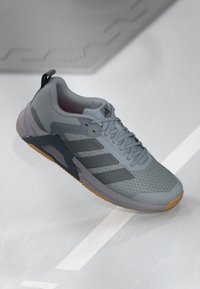 Grå sportsko lavet af syntetisk materiale, med mesh tekstur, kontrastfarvede mørkegrå accenter og en gummigummisål.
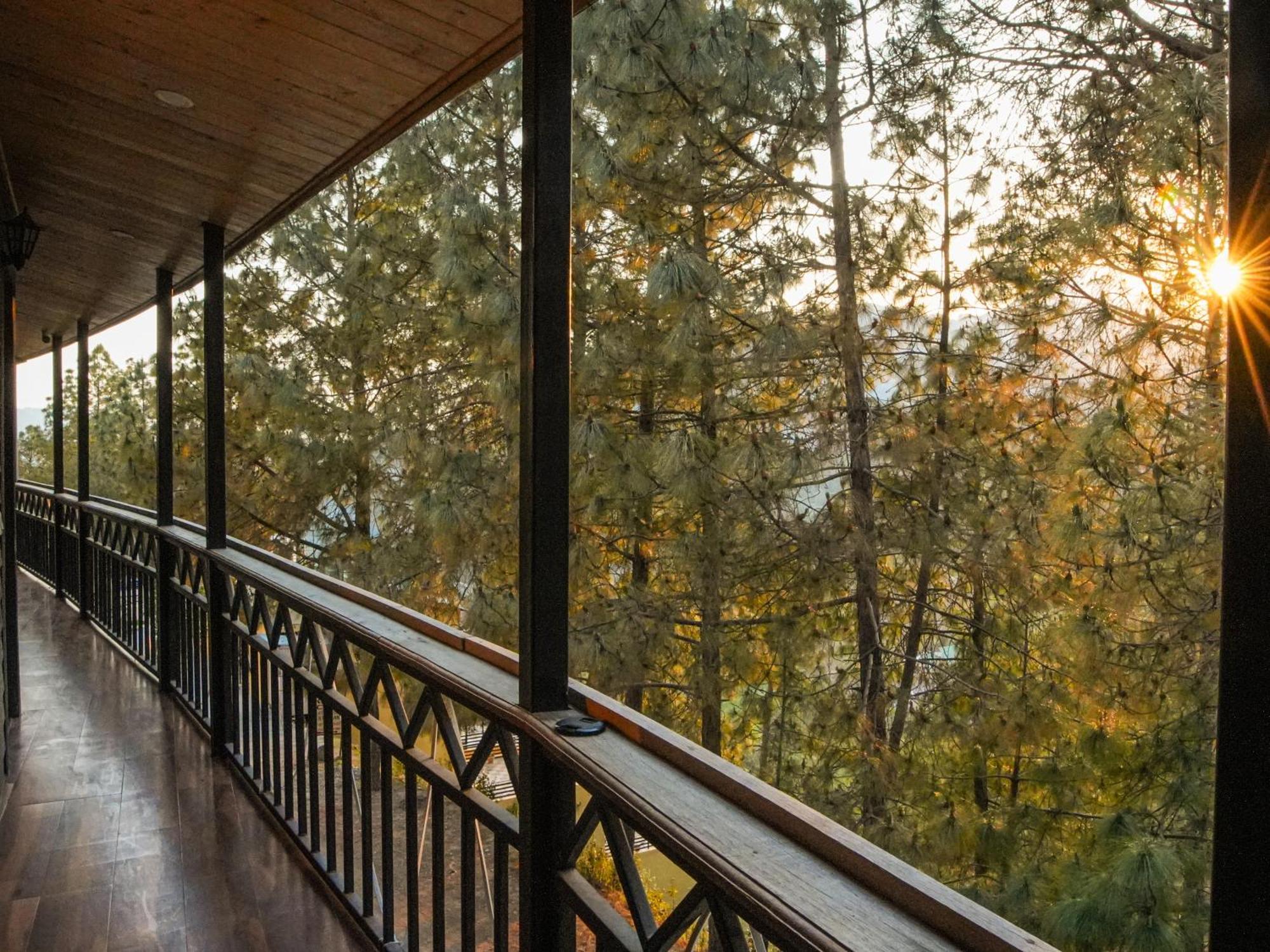 Hotel Thehimalayanliving Whistling Pines à Mukteshwar Extérieur photo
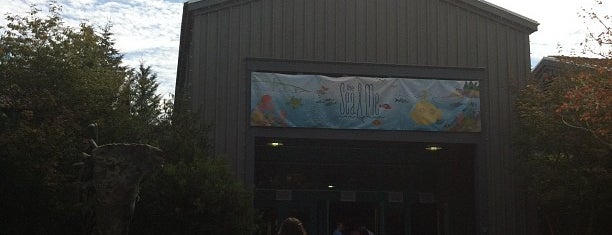 Oregon Coast Aquarium is one of Oregon.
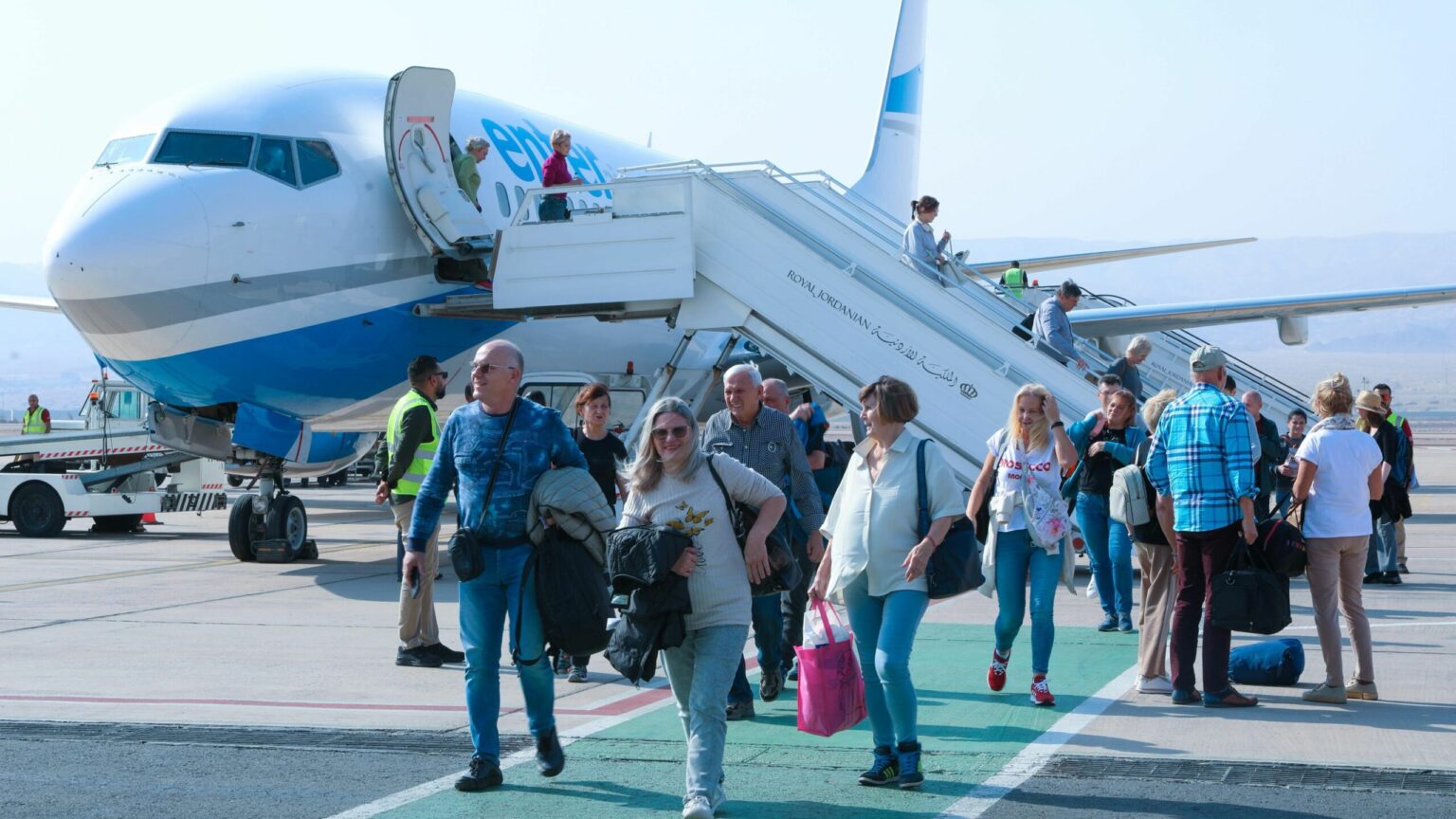 أولى الرحلات الجوية العارضة من بولندا تحط في مطار الملك حسين بالعقبة أولى الرحلات الجوية العارضة من بولندا تحط في مطار الملك حسين بالعقبة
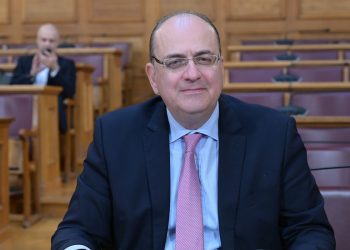 Ο Μακάριος Λαζαρίδης απειλεί με μηνύσεις το ΠΑΣΟΚ για το επεισόδιο στην Εξεταστική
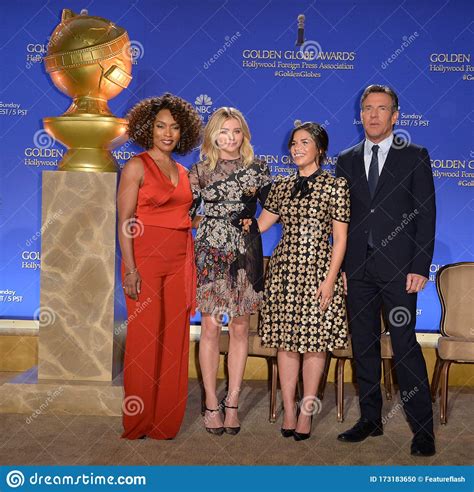 She can often be cold and stern with others. America Ferrera, Chloe Grace Moretz, Angela Bassett & Dennis Quaid Editorial Image - Image of ...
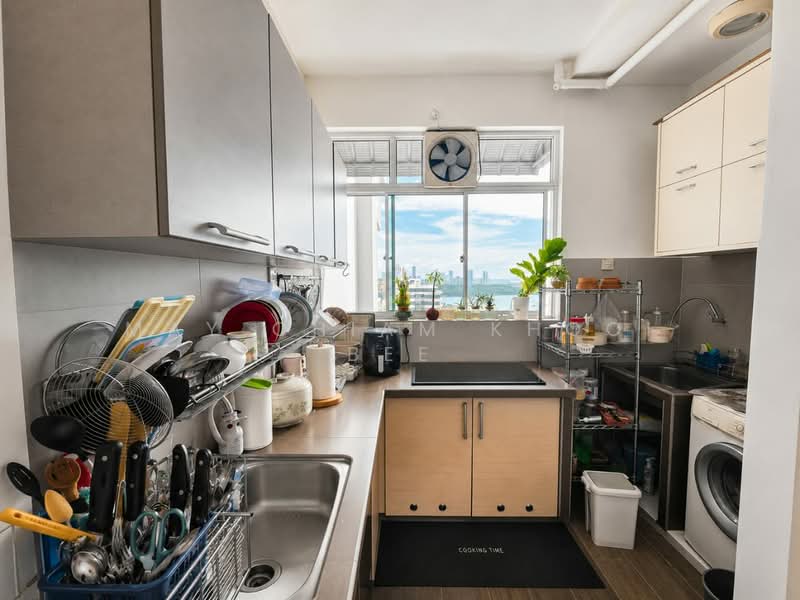 Kondominium untuk Dijual di Bayswater Resort Condominium - May Chiam Khooi Bee - Kitchen - PropertyGuru.com.my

##############################

◆ **Exercise goal**
From the records above, output only the lines starting at the one containing "Hotel Thehimalayanliving Whistling" and ending at the one containing "Ο Μακάριος Λαζαρίδης", word for word. Pictures stay out.

◆ **Result**
 Hotel Thehimalayanliving Whistling Pines à Mukteshwar Extérieur photo
 Oregon Coast Aquarium is one of Oregon.
 أولى الرحلات الجوية العارضة من بولندا تحط في مطار الملك حسين بالعقبة أولى الرحلات الجوية العارضة من بولندا تحط في مطار الملك حسين بالعقبة
 Ο Μακάριος Λαζαρίδης απειλεί με μηνύσεις το ΠΑΣΟΚ για το επεισόδιο στην Εξεταστική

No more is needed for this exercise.